During much of the nineteenth century, few U.S. states required government permission for individuals to work in an occupation. With urbanization and the increasing complexity of tasks, however, occupational affiliation became the dominant association for many workers. Evidence from the academic literature suggests that the quality of services improved when lower-quality purveyors were excluded. Demand for services grew as consumers perceived the regulated services to be of higher quality. Over time, as members of the occupation came to dominate many of the licensing boards, entry requirements tightened and mobility between states and countries was restricted. Prices for licensed services increased and earnings for practitioners became higher than for comparable occupations with similar levels of human capital investment and experience. For consumers who could afford licensed services, quality rose. One of the major controversies in the area of occupational regulation is whether such regulations in fact raise quality or simply restrict competition.

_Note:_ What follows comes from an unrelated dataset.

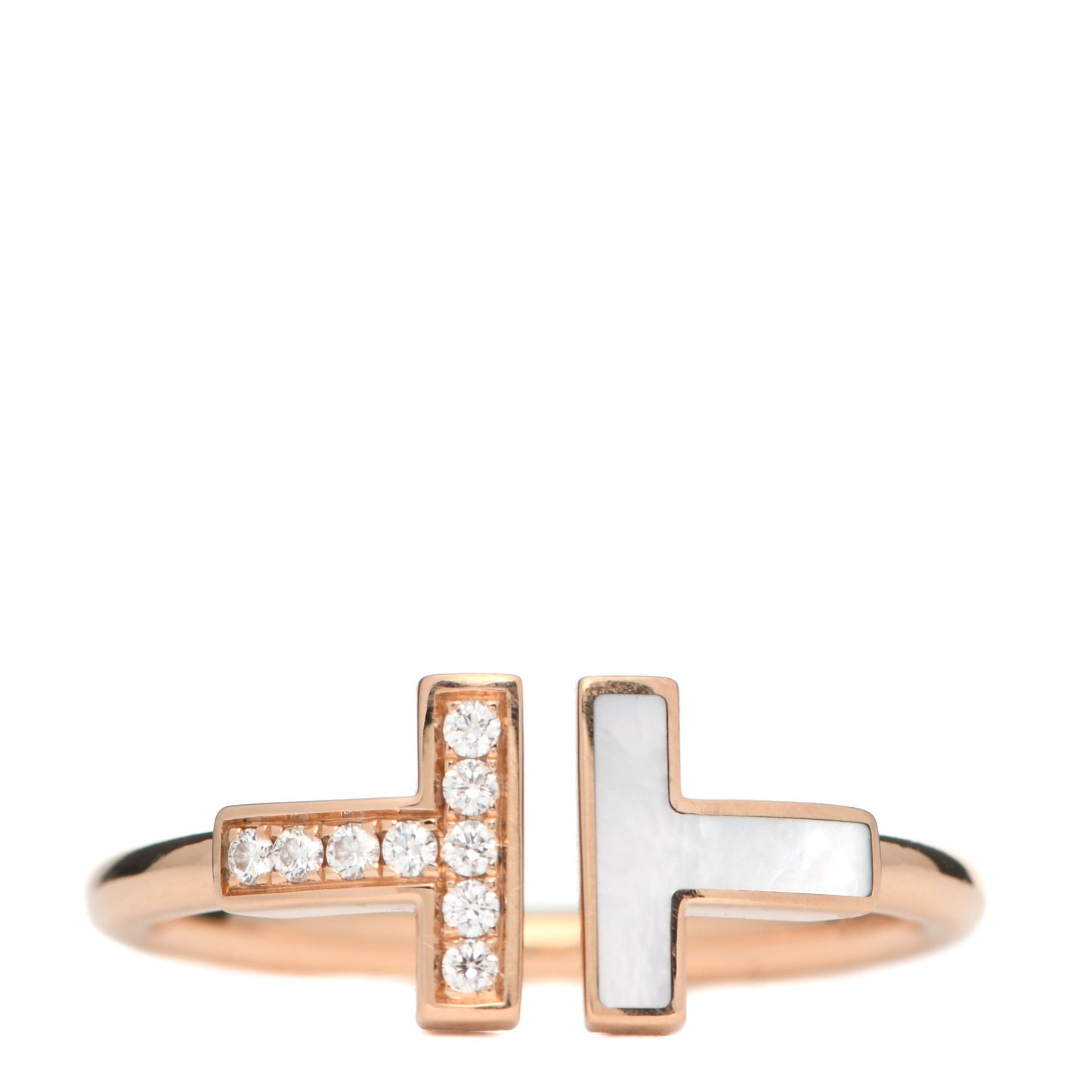 18K Rose Gold Diamond Mother of Pearl T Wire Ring 57 8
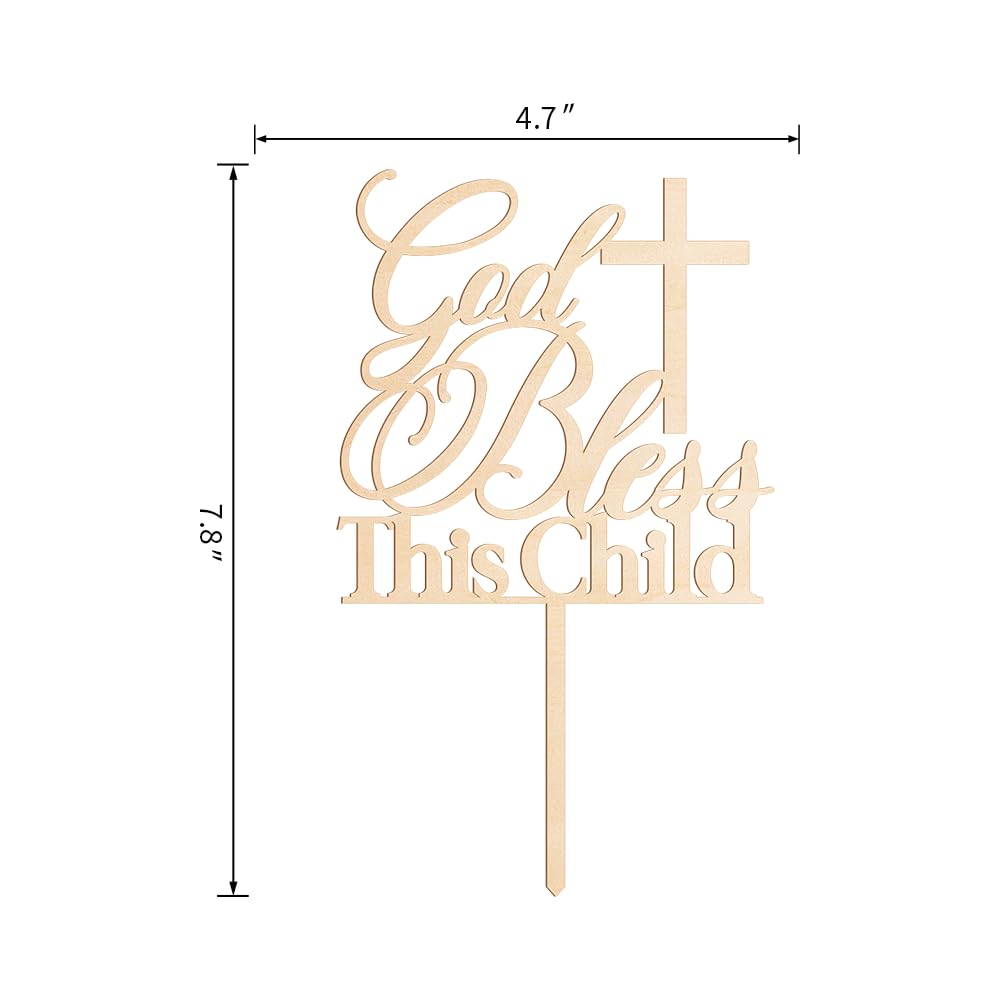 God Bless This Child Baptism Cake Topper – Wooden Design 002 by Party to Be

In most cases, the available empirical evidence shows that licensing causes a rise in prices, but its impact on the quality of services rendered is unclear (Cox and Foster 1990). For practitioners of the service, licensing leads to a rise in wages. For example, switching to a licensed occupation from an unregulated occupation raises wages 17 percent in comparison to switching to an unregulated occupation from a regulated one. On average, working in a regulated occupation raises the wage premium approximately 10 to 12 percent relative to similar unregulated occupations. This value is at the lower end of the range of the union wage impact in the United States. Working in the same occupation in a state that requires licensing raises wages 4 percent relative to an unregulated state. Statistical estimates of the costs of licensing show that this form of occupational regulation reduces output in the United States by less than one-tenth of 1 percent of total consumption expenditures annually. Some argue that this is a small price for the potentially enhanced quality that is generated by occupational regulation.

Regulation of occupations in the European Union focuses on restrictions following entry into an occupation to a greater extent than occurs in the United States (Garoupa 2004). In the European Union, occupational regulations generally limit prices and regulate the structure of organizations of licensed workers. Most occupational entry restrictions also regulate the number of individuals who are admitted to schools that train workers for the regulated specialty. The results from statistical estimates show that licensing has a smaller impact on earnings in the European Union than in the United States. Unlike the United States, nations such as Germany are deregulating many of their previously licensed occupations, suggesting that the practice of occupational regulation can be reversed in response to public pressure.